When I give my course, "Propaganda and U.S. Foreign Policy" -- a historical overview of the subject -- I like to invite the class for a modest buffet dinner chez moi. The last time this get-together took place, it included a screening of Leni Riefenstahl's "Triumph of the Will," a 1935 film -- considered by some a propaganda classic -- that celebrates the 1934 Nazi Party Congress in Nuremberg.

As the students ate dessert, I turned on the DVD, and the Nazi director's troubling yet spectacular black-and-white images appeared. One member of the class remarked that the movie's opening scene -- Hitler's airplane descent toward Nuremberg -- reminded him of President Bush's "mission accomplished" landing on the aircraft carrier Lincoln.

Then a student, having far greater confidence in my linguistic abilities than I, asked me to interpret the German. I knew this was the beginning of the end. Soon the students lost interest in the film. After 15 minutes, most of them ignored it, preferring to engage in conversation. Clearly, "Triumph" was no triumph.

The students, no film-techniques fans, found it boring. They didn't see any art (and certainly no fun), they just saw propaganda. When I tried to joke that the film could perhaps be used in a deodorant ad (who wants to put up with the smelly armpit of a brown-shirt uttering "sig heil"), I didn't get many laughs.

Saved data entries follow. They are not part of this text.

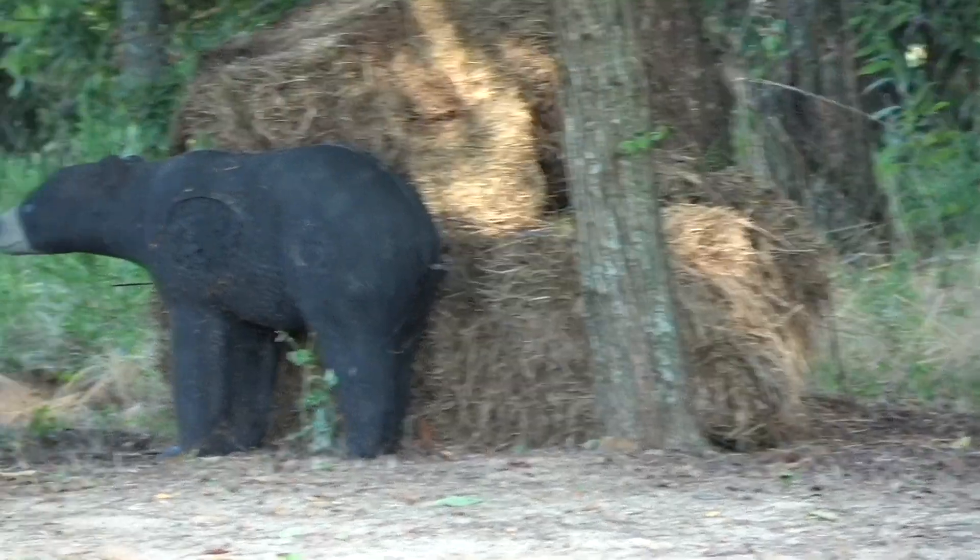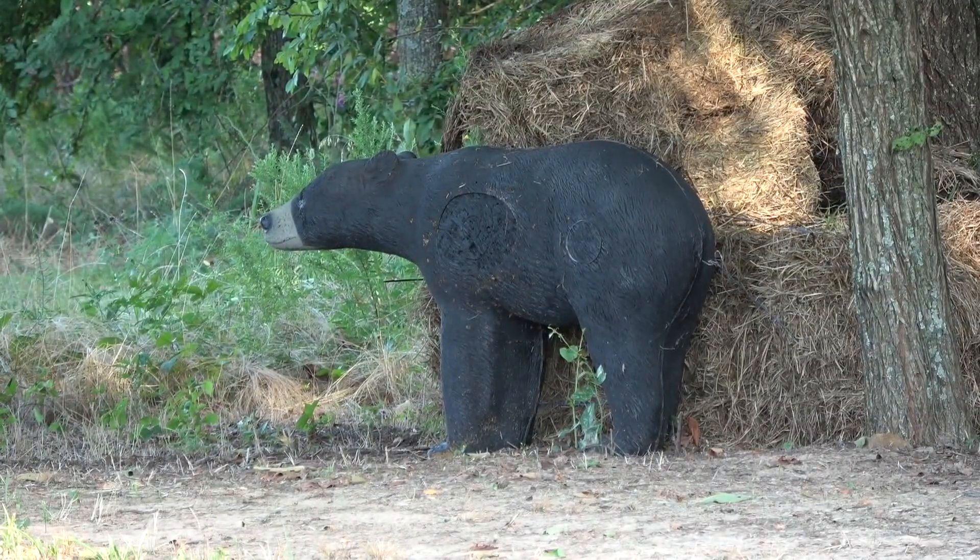Let's shoot the bear next. I'm going to guess that bear — he's probably 20 yards. He's a little further than the other ones, may be slightly over 20. Let's give him one. Oh, that's perfect on him.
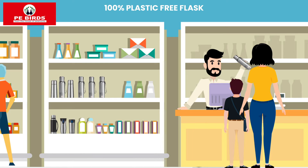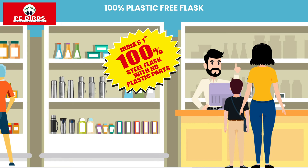Yes, this is also unbreakable and durable, and it's easier to clean. Please give me one P-Birds steel-o-steel flask. Yes Viru, it is really a nice product — P-Birds steel-o-steel flask — and it's India's first 100% plastic free flask.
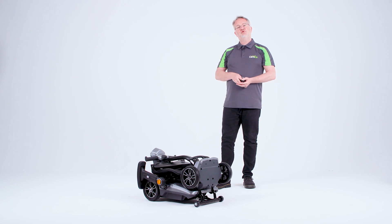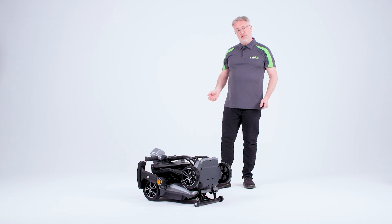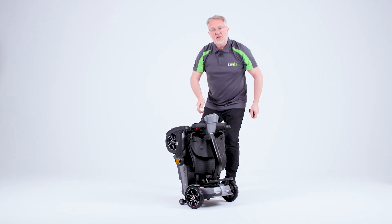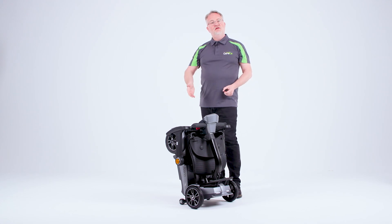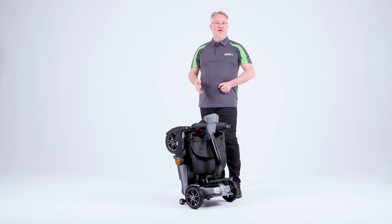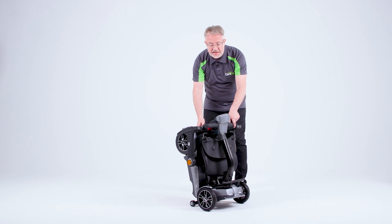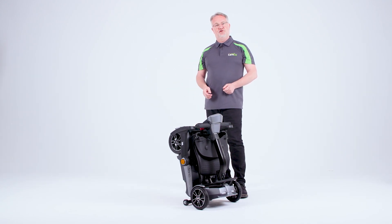Once folded, the scooter can be placed into the rear of a vehicle or you can stand the vehicle up as I'll show you now. You can then maneuver the vehicle around. The X-Go Nano doesn't come with a freewheel lever as traditionally used on other scooters. You can either use it as normal or if you want to maneuver it around the home, you would have it in this position, and then you can steer this around the home and place it under the stairs or wherever you may have space to do so.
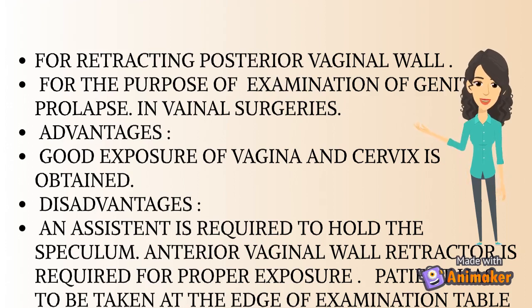So that's all about Sim's speculum. We will study about Cusco's speculum in our next video.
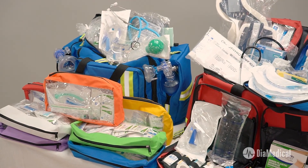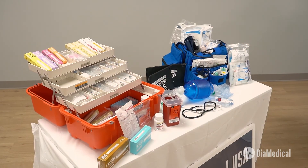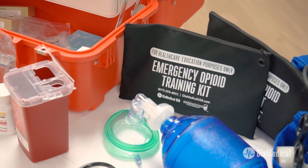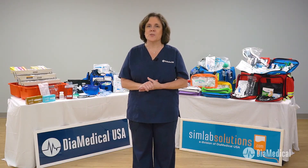Hi! Today we'll be highlighting our Loaded EMS Jump Bags by SimLab Solutions. These bags were created to promote best practices in a wide variety of emergency medicine scenarios. Each bag arrives loaded with all of the supplies and simulated medications required to practice life-saving procedures with both children and adults. Now let's take a closer look.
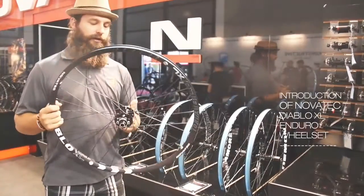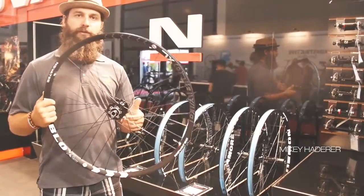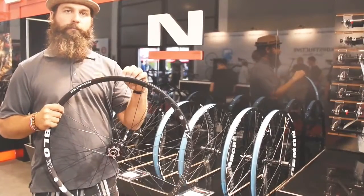Welcome back to Eurobike 2016. We're here at NOVA Tech showing off our new Diablo XL wheel set. Listening to a lot of our Enduro riders, we decided to do an asymmetric 30 mil internal, wider profile.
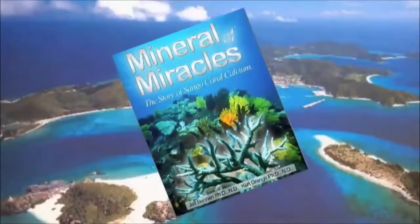Today I will be doing some demonstrations and speaking about marine coral ionic organic minerals. In a way I'm kind of uniquely qualified for this because I've written the book Mineral of Miracles. What we are talking about is mineralization that is very absorbable and usable by the body.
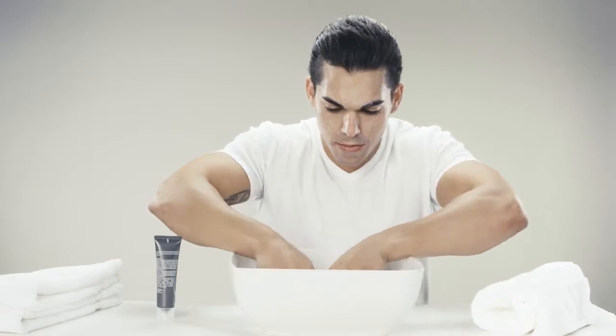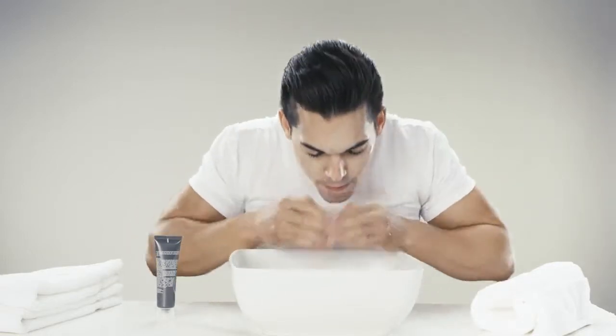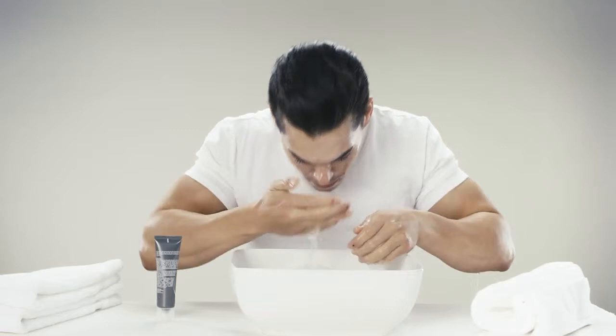Next, splash your face with warm water until the scrub has been washed away. Then gently pat your skin dry using a clean, soft towel.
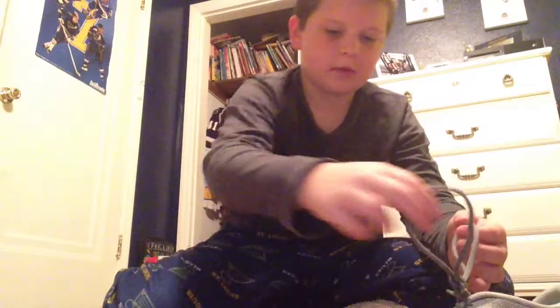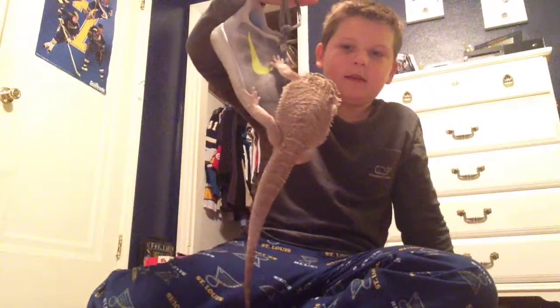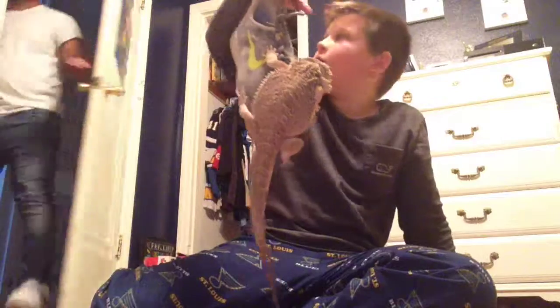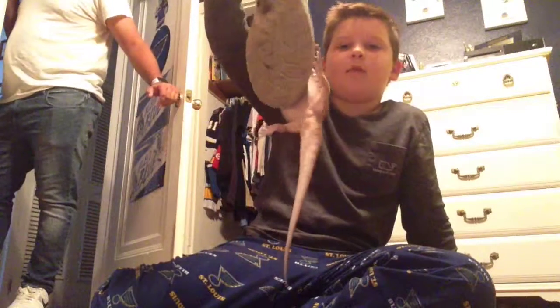So here we go — bearded dragon pull-ups. That is what I like to call bearded dragon pull-ups.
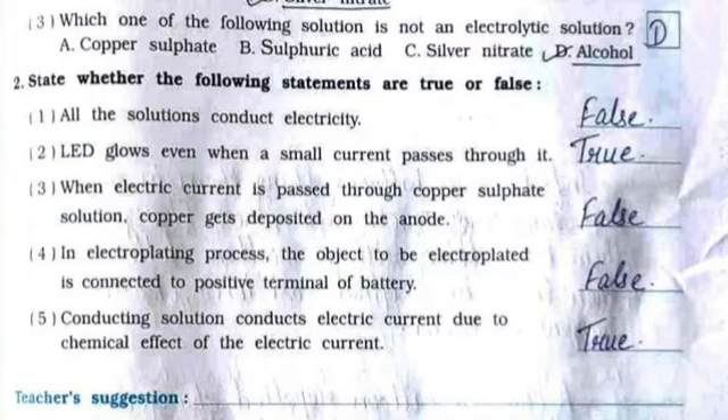True or False: 1. All solutions conduct electricity — False. 2. LED glows even when a small current passes through it — True. 3. When electric current is passed through copper sulfate solution, copper gets deposited on the anode — False. 4. In the electroplating process, the object to be electroplated is connected to the positive terminal of the battery — False. 5. Conducting solution conducts electric current due to the chemical effect of electric current — True.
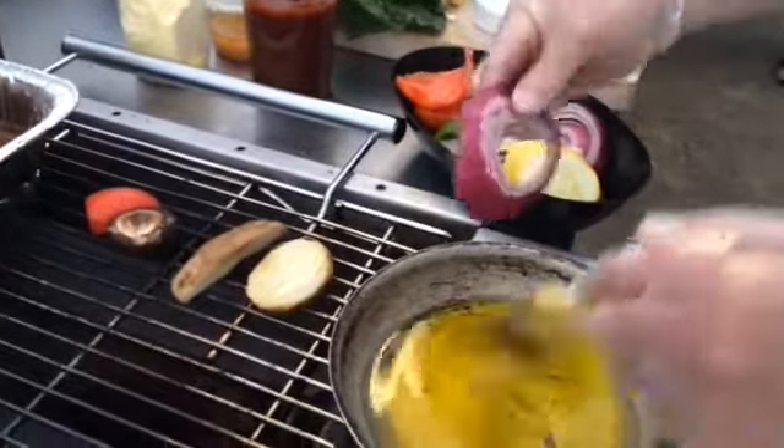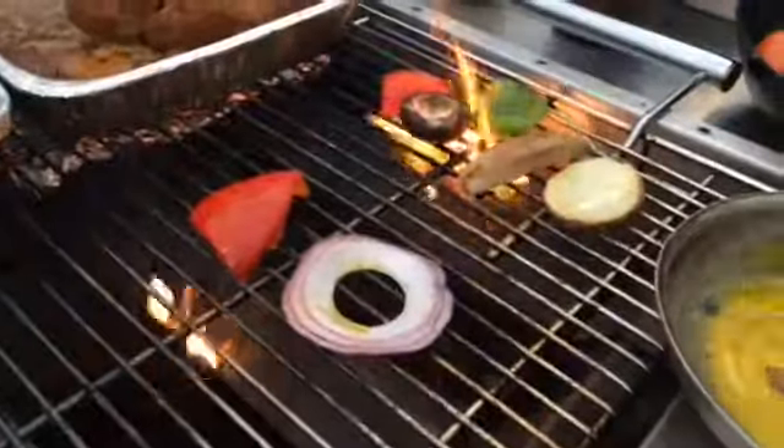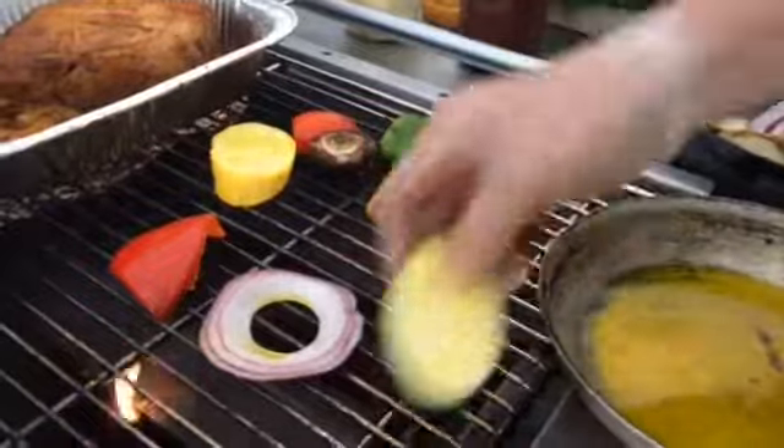I like to use zucchini and yellow squash, even tomatoes — nice firm Roma tomatoes, right when they're picked, they're not too soft. Just cut them in half, flash them on the grill, they're wonderful. You can also do sweet potatoes.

This leads me to a first speculation: that, in the words of the famed World War II propagandist (and Plato scholar) Richard H.S. Crossman, "The way to carry out good propaganda is never to appear to be carrying it out at all." Or, as John Pike, the director of a Washington defense think tank, puts it, "Anybody who knows about propaganda knows the first rule of propaganda is that it should not look like propaganda."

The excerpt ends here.